→ **PROBLEM STATEMENT**: Using the records below, reproduce exactly the lines from the one containing "Imperial Dragon Koi iPhone 17 Slim Case" through the end, and nothing more; skip the images.

* * *

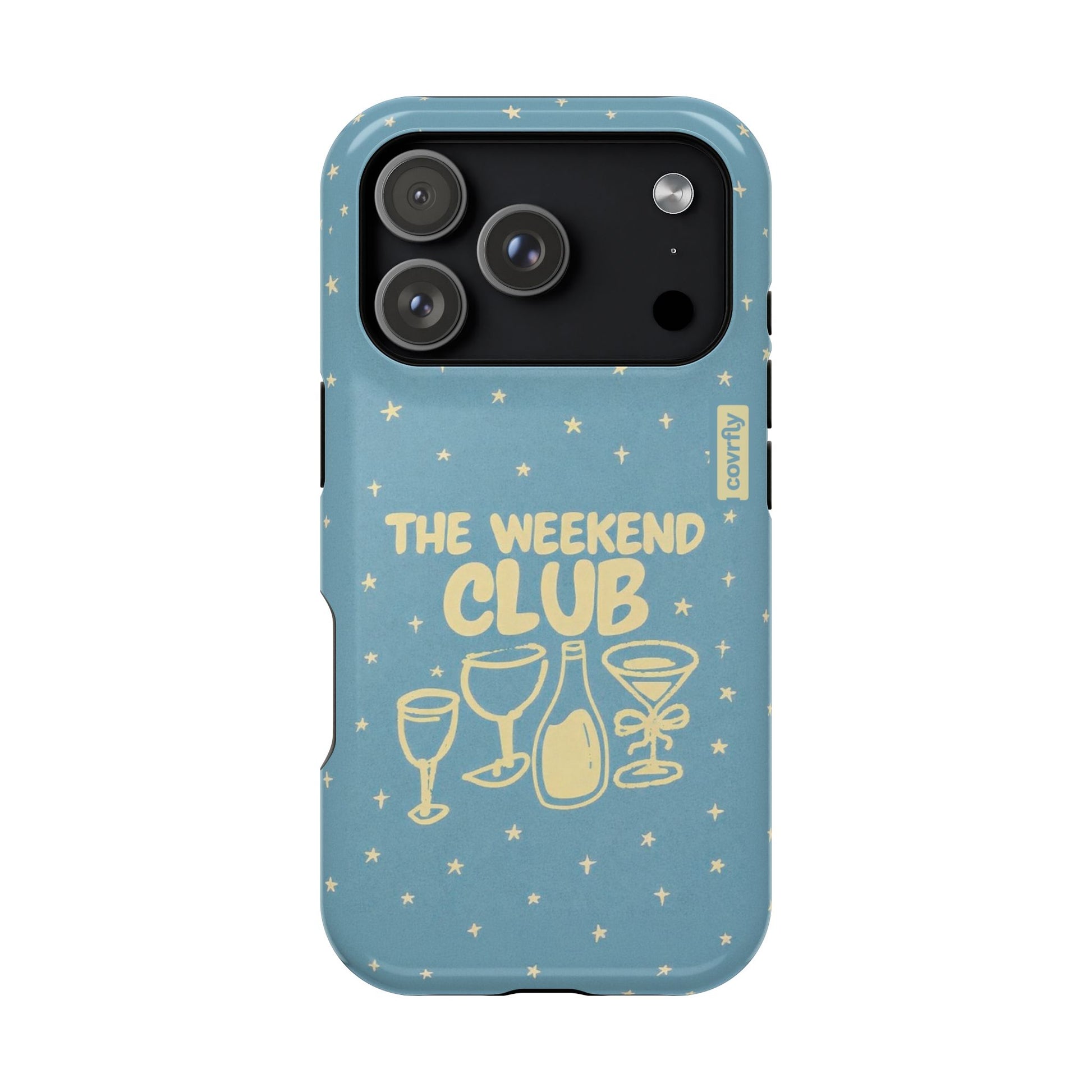 Funda Weekend Club para iPhone 17 Pro Matte Premium - Diseño Premium covrfly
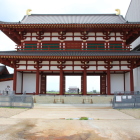大極門裏面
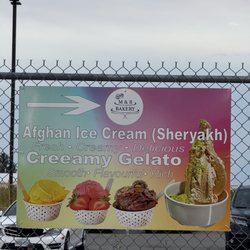 M&B Bakery Cake and Pastries - Afghan Ice Cream (Sheryakh) & Gelato Posted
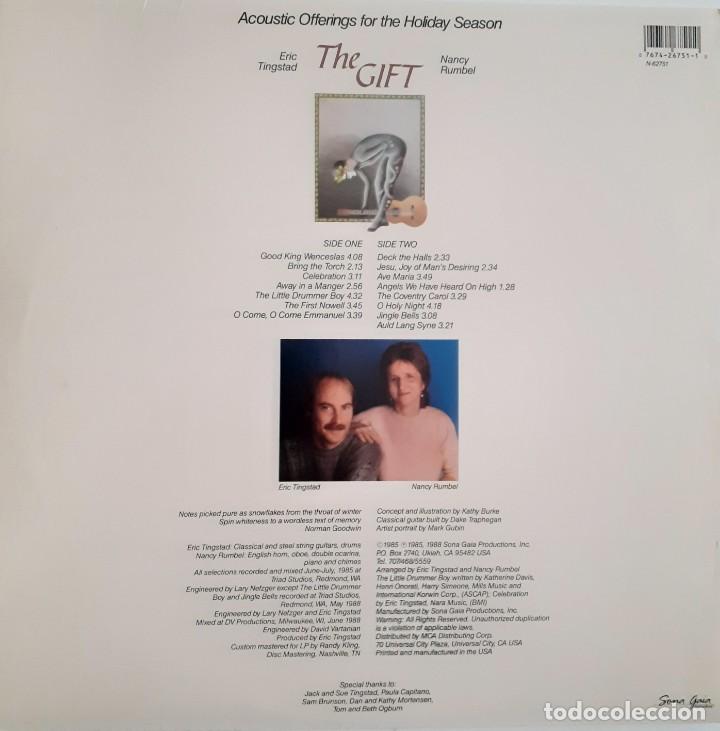 Discos de vinilo: ERIC TINGSTAD, NANCY RUMBEL. THE GIFT - Foto 2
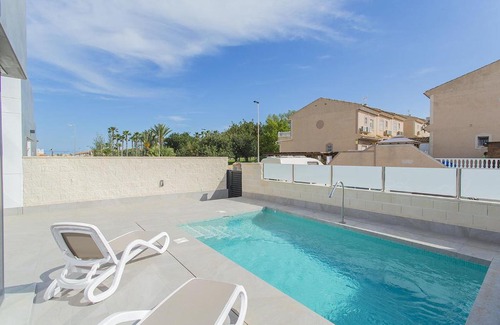 Los Balcones Villa | 208 Luxury Villa Pool Sauna Cinema - Alicante Hol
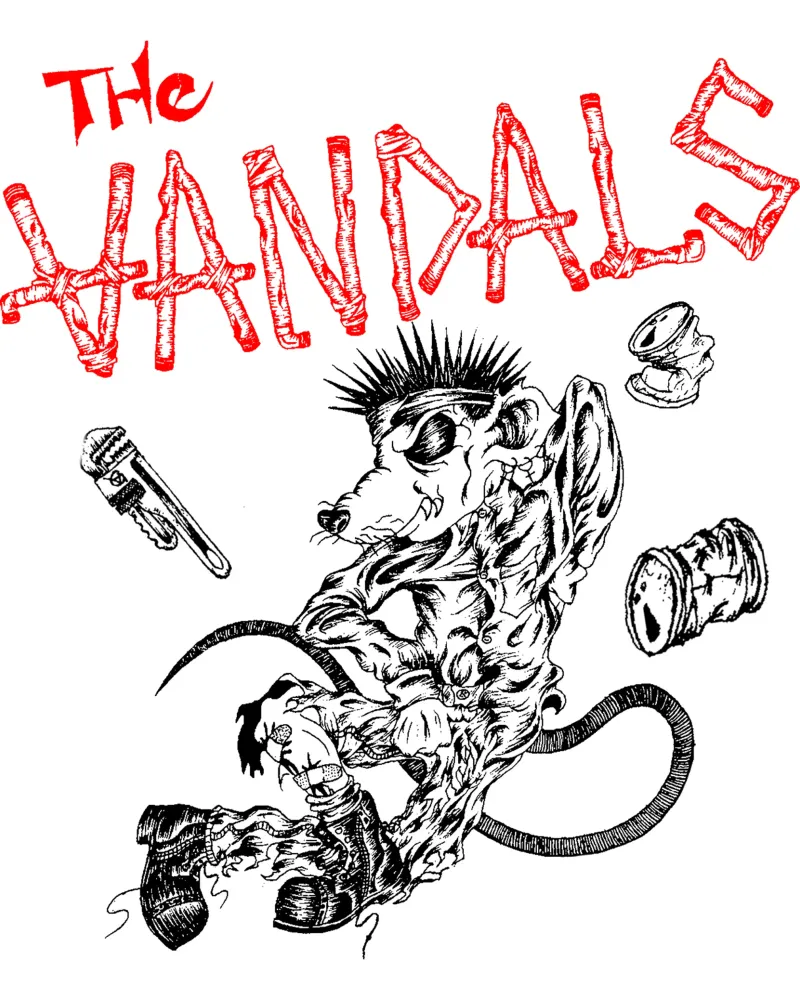 Maglietta Punk Mouse Essential poster da mannys_artt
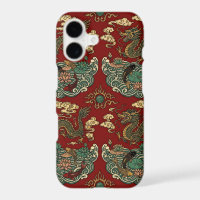 Imperial Dragon Koi iPhone 17 Slim Case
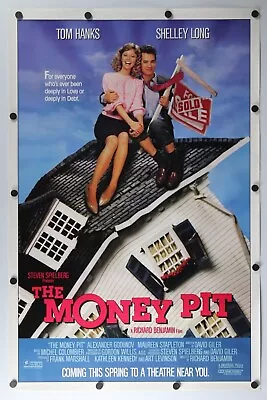 The Money Pit 1986 Single Sided Original Movie Poster 27  X 41  • $90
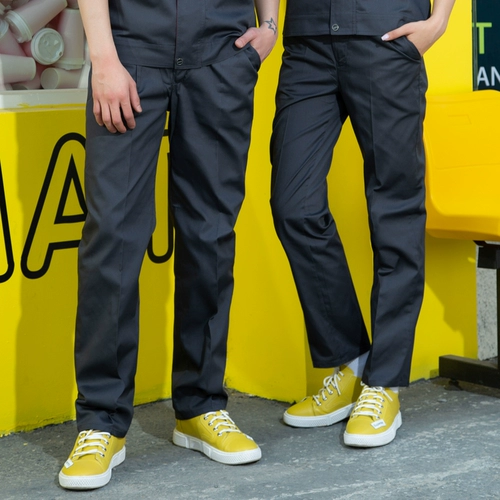 Осенние демисезонные износостойкие искусственные штаны для работы, оверсайз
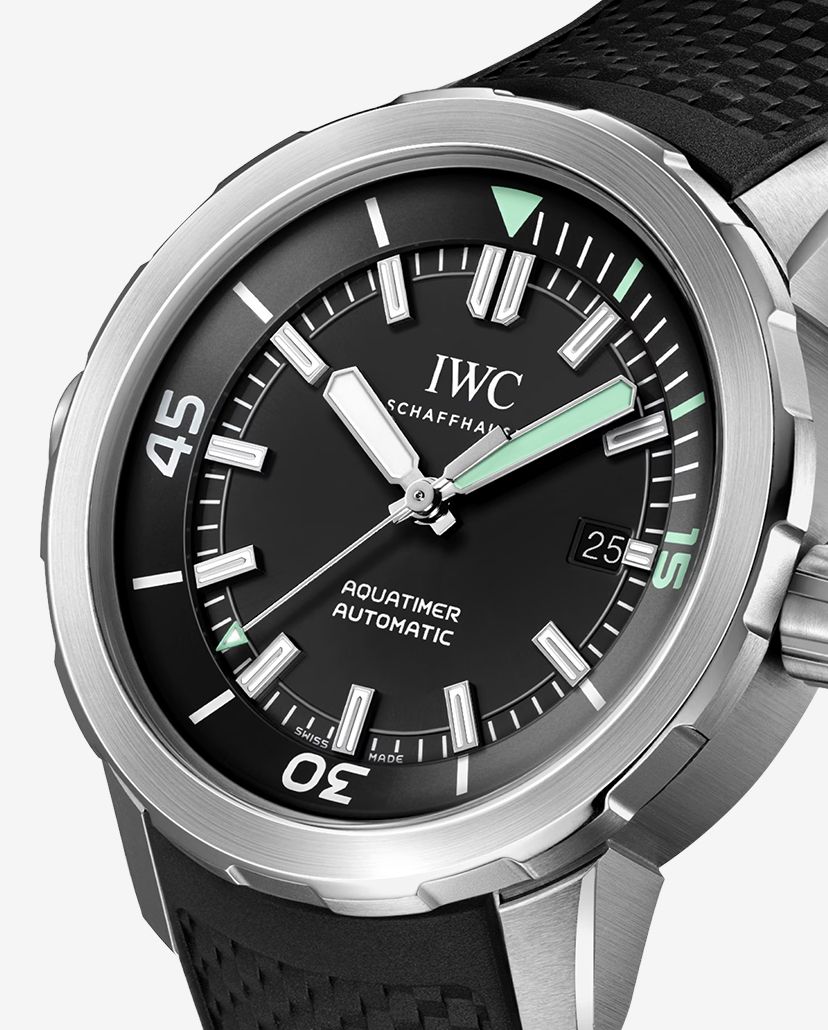 Iwc hotsell aquatimer history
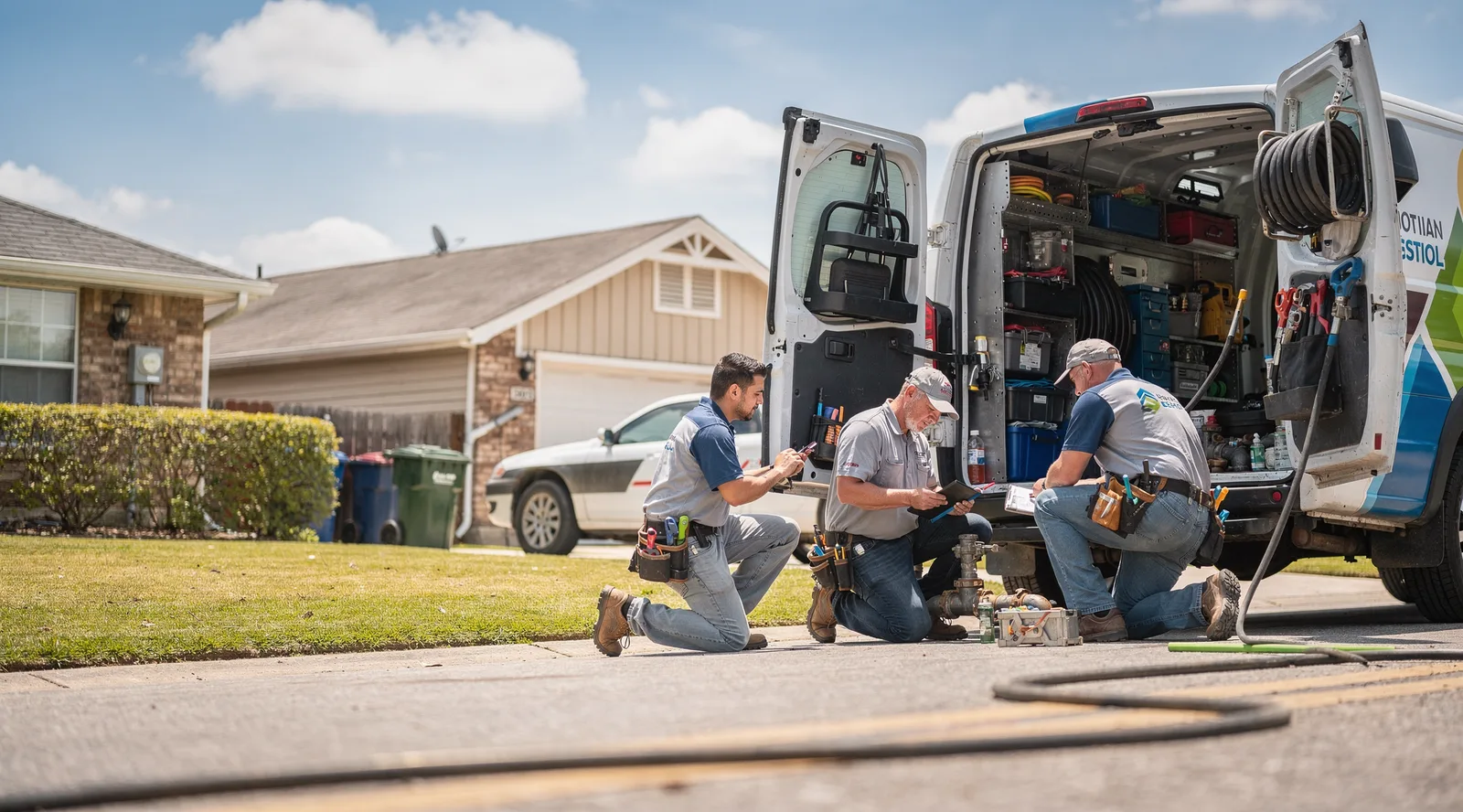 Emergency Plumber in Lexington, OK near me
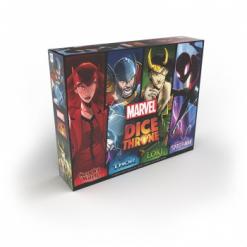 Dice Throne Marvel 4-Hero Box (Scarlet Witch, Thor, Loki, Spider-Man)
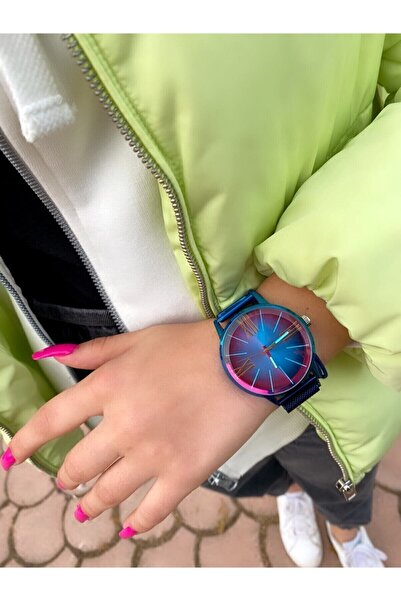 İSTLİV Çelik Unısex Dijital Kol Saati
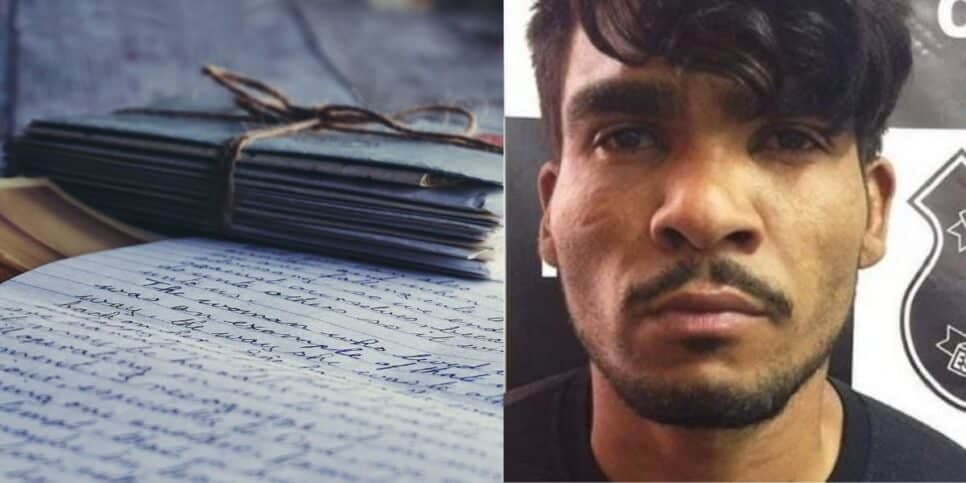 "Dor": Carta psicografada do assassino Lázaro Barbosa traz mensagem avassaladora e sofrimento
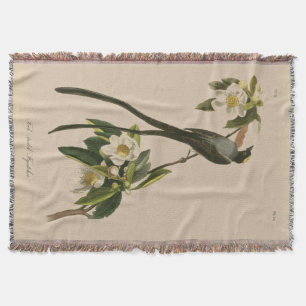 Audubon Vintager Blumenvogel Gabel-angebundener Decke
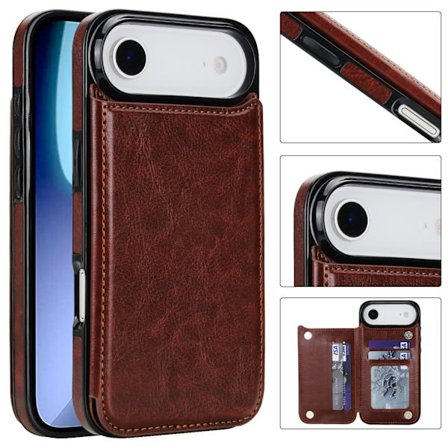 iPhone 17 Air NKOBEE Plånboksskal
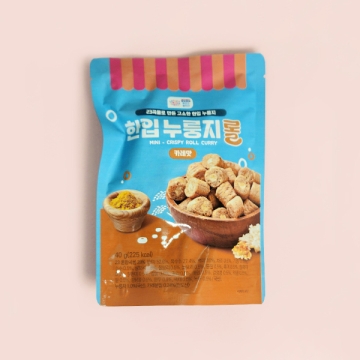 한입 누룽지롤 카레맛 40gX60개(1박스)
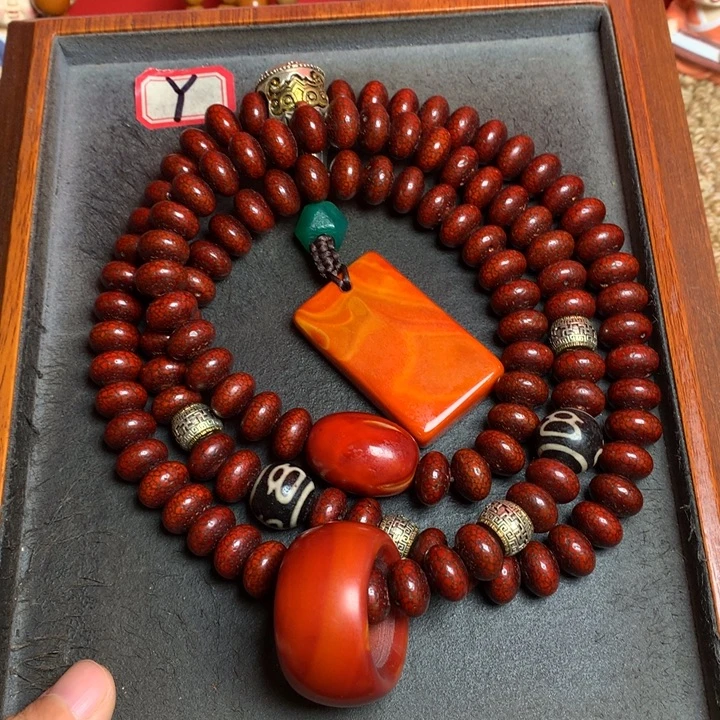 星月菩提吊坠菩提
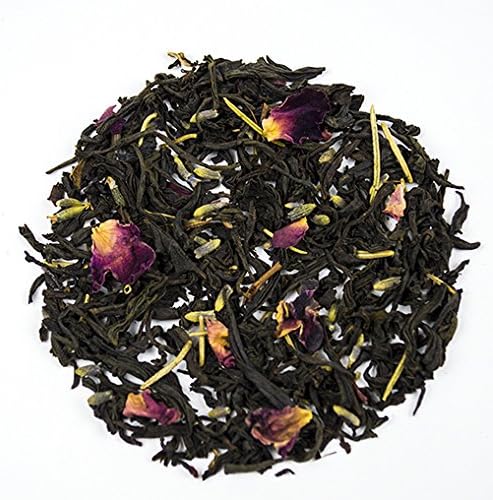 Lavender Rose Vintage Earl Grey Tea by Patel Tea - 8 Ounces
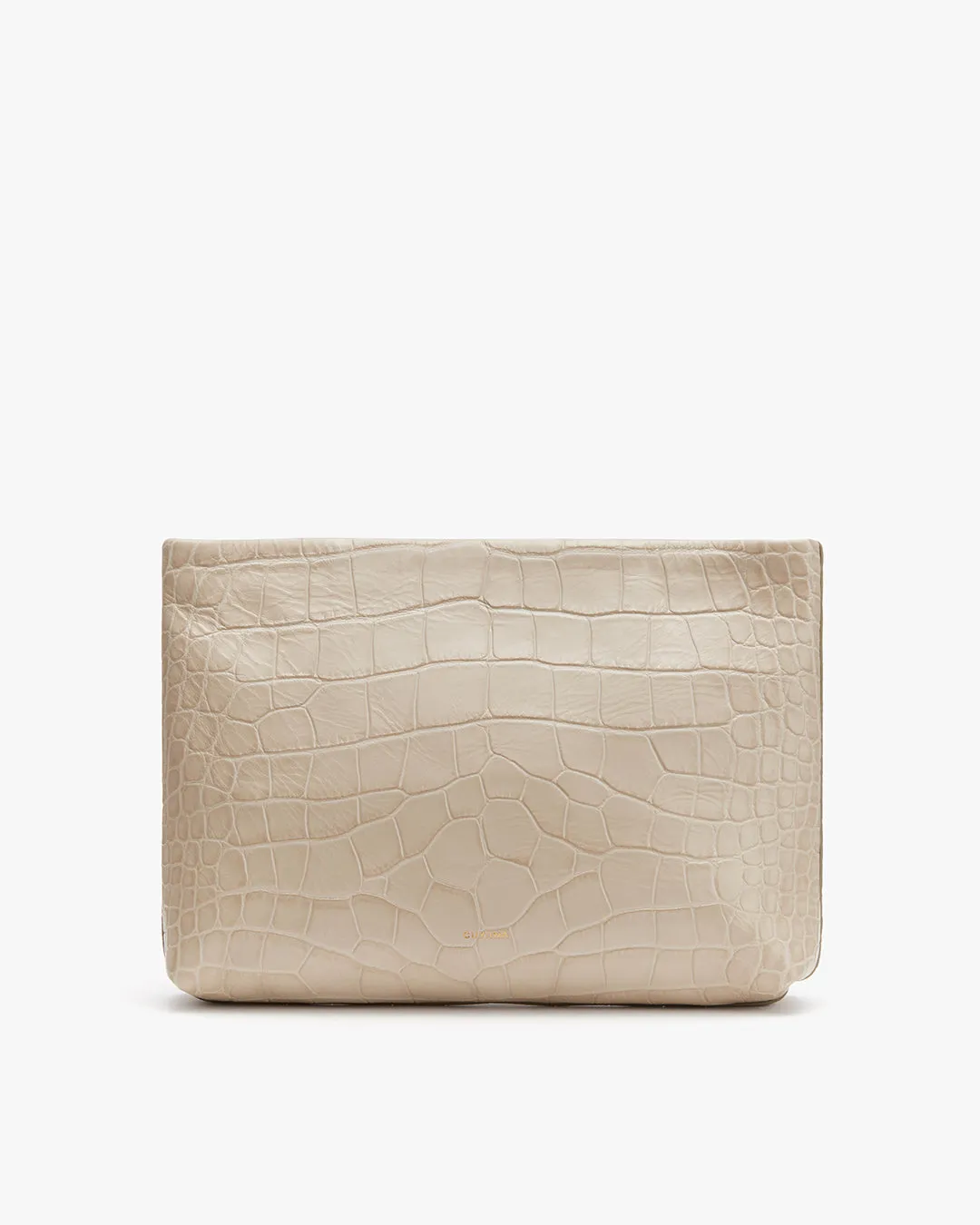 Small Zipper Pouch (Croco)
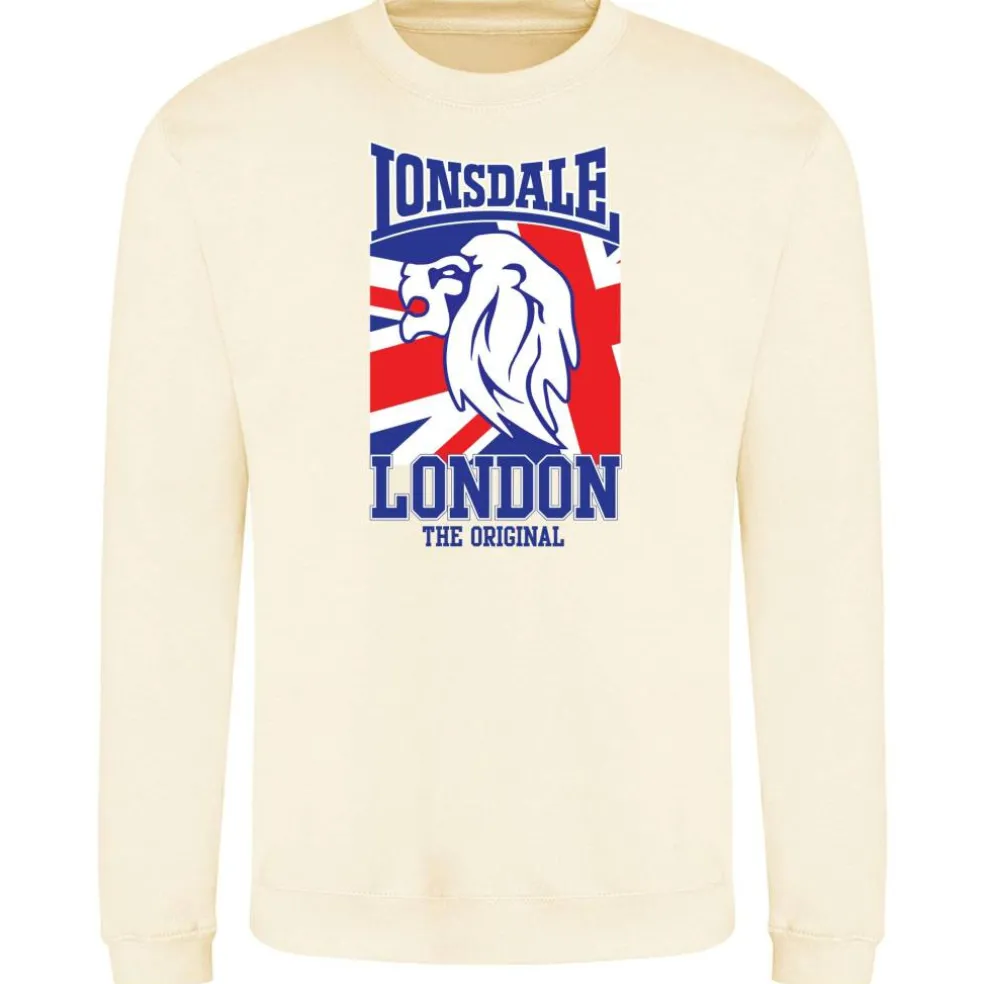 Printed Logo Sweat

* * *

→ **SOLUTION BELOW**:
 Imperial Dragon Koi iPhone 17 Slim Case
 The Money Pit 1986 Single Sided Original Movie Poster 27  X 41  • $90
 Осенние демисезонные износостойкие искусственные штаны для работы, оверсайз
 Iwc hotsell aquatimer history
 Emergency Plumber in Lexington, OK near me
 Dice Throne Marvel 4-Hero Box (Scarlet Witch, Thor, Loki, Spider-Man)
 İSTLİV Çelik Unısex Dijital Kol Saati
 "Dor": Carta psicografada do assassino Lázaro Barbosa traz mensagem avassaladora e sofrimento
 Audubon Vintager Blumenvogel Gabel-angebundener Decke
 iPhone 17 Air NKOBEE Plånboksskal
 한입 누룽지롤 카레맛 40gX60개(1박스)
 星月菩提吊坠菩提
 Lavender Rose Vintage Earl Grey Tea by Patel Tea - 8 Ounces
 Small Zipper Pouch (Croco)
 Printed Logo Sweat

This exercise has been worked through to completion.